Devre arasında ise hal oldukça vahim, ilk yarıda aksayan mevkileri gördükleri halde üçüncü bölgeye iş bitirici kaliteli bir futbolcu almayı askıya alıyor.  Ve kabak ligin on sekizinci haftasında dış sahada üç bir yenildiğimiz Osmanlıspor maçı ile Sait hocanın başında patlıyor. Bu arada sezon başında her fırsatta dile getirilen ilk iki trenini de kaçıyor. Umut fakirin ekmeği misali Boluspor yönetimi bu sefer de ibreyi ilk altı olarak belirliyor.

Camia bu ligi iyi bilip tanıyan takımı ateşleyip taraftara güven verebilecek bir hoca yerine takımın başına getirilen TFF birinci liginde deneyimi yok denecek kadar az bir hocanın getirilişi, oynanılan karşılaşmaların sonuçlarıyla dört maçta alınan bir puanla kendini gösteriyor. Yapılan hataların son halkası da Boluspor yönetiminin tecrübeli oyuncu Yusuf Emre’ye böyle bir zamanda hangi şartlardan ve nasıl izin verildiği ile ilgili böyle entrika bir olaya hiç şahit olmadım.
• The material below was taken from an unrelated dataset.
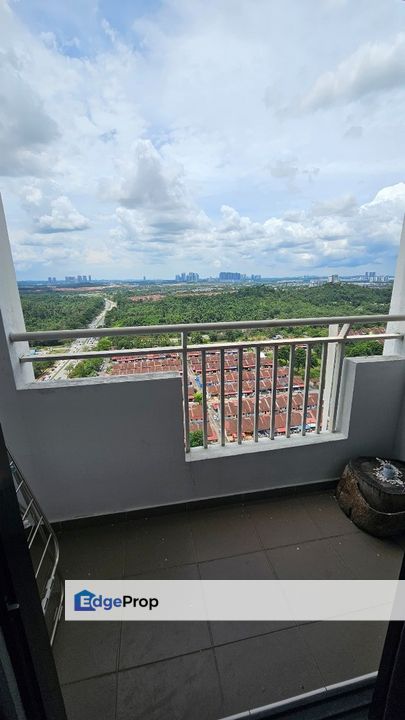 Sky view servis residence bukit indah International lot for sale, Johor, Bukit Indah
Atı alanın Üsküdar’ı geçtiği bu ligde rakiplerimizden tek,tek puan alıp işi seri mağlubiyetlere bağladığı sürece, bu takım üzülerek söylemek gerekirse hedefini küme düşmeme mücadelesi içersinde bulur. Ligde alt sıralardaki takımların hızla yükselişi, ilk altı içersinde yer alan takımların şekillenmesi ve altında kalan takımların bizle puan farkını açması bizim açımızdan acı bir reçetedir. Bu nedenle acilen futbolcuların dikkatleri çekilmeli, gerekirse radikal kararlar alınıp tekrar başarıya odaklanmalıdır.